In [2]:
import numpy as np
import tensorflow as tf
import matplotlib.pyplot as plt
from tensorflow.examples.tutorials.mnist import input_data
import time
import tensorflow.contrib.layers as layers
import os
from os.path import exists

In [3]:
%matplotlib inline

# To infinity and beyond 
So far we used low level tensorflow tunctions. Now we going to learn what convolutional neural network is.

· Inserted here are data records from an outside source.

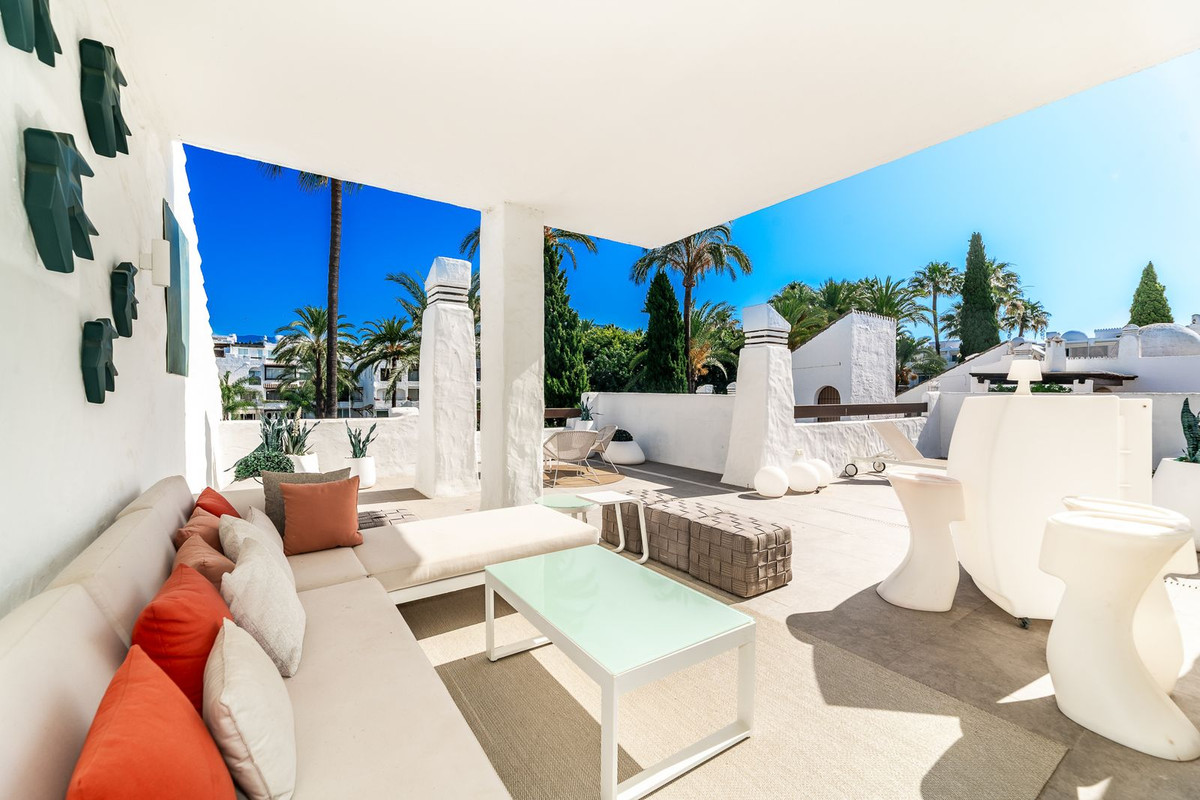 4 Bedroom Apartment for Sale in Puerto Banús — 9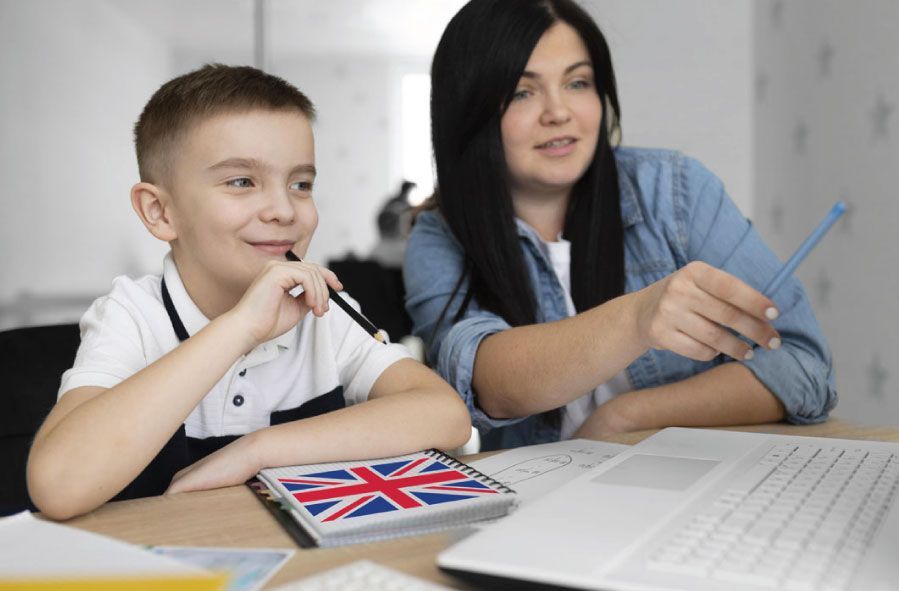 Bambino che studia la lingua inglese con insegnante a domicilio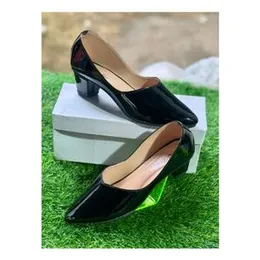 Womenâs Patent Block Heel Shoes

**Neural Networks** are essentially mathematical models to solve an optimization problem. They are made of neurons, the basic computation unit of neural networks. A neuron takes an input(say x), do some computation on it(say: multiply it with a variable w and adds another variable b ) to produce a value (say; z= wx+b). This value is passed to a non-linear function called activation function(f) to produce the final output(activation) of a neuron.

**Layers**
If you stack neurons in a single line, it’s called a  layer; which is the next building block of neural networks

**Layer types**
1. Fully connected layers - dot product with input tensor
2. Convolutional layers - apply convolution operation to input tensor
2. Pooling layers - reduce spatial dimensions of input tensor




# Let's look more in layers
Fully connected layers follow this pattern

![alt text]( http://cs231n.github.io/assets/nn1/neural_net2.jpeg "Fully connected network")


A ConvNet arranges its neurons in three dimensions (width, height, depth), as visualized in one of the layers. Every layer of a ConvNet transforms the 3D input volume to a 3D output volume of neuron activations. In this example, the red input layer holds the image, so its width and height would be the dimensions of the image, and the depth would be 3 (Red, Green, Blue channels).

![alt text]( http://cs231n.github.io/assets/cnn/cnn.jpeg "Convolutional network")


# CNN neuron connectivity pattern
In this example input volume in red (e.g. a 32x32x3 CIFAR-10 image), and an example volume of neurons in the first Convolutional layer. Each neuron in the convolutional layer is connected only to a local region in the input volume spatially, but to the full depth (i.e. all color channels

![alt text](http://cs231n.github.io/assets/cnn/depthcol.jpeg "Neuron example")

For example, suppose that the input volume has size [32x32x3], (e.g. an RGB CIFAR-10 image). If the receptive field (or the filter size) is 5x5, then each neuron in the Conv Layer will have weights to a [5x5x3] region in the input volume, for a total of 5*5*3 = 75 weights (and +1 bias parameter). Notice that the extent of the connectivity along the depth axis must be 3, since this is the depth of the input volume.

# Pooling layers
pooling layer reduce tensor spatial dimesion. Max pooling choose max value from pooling region. Mean pooling averages poolng region.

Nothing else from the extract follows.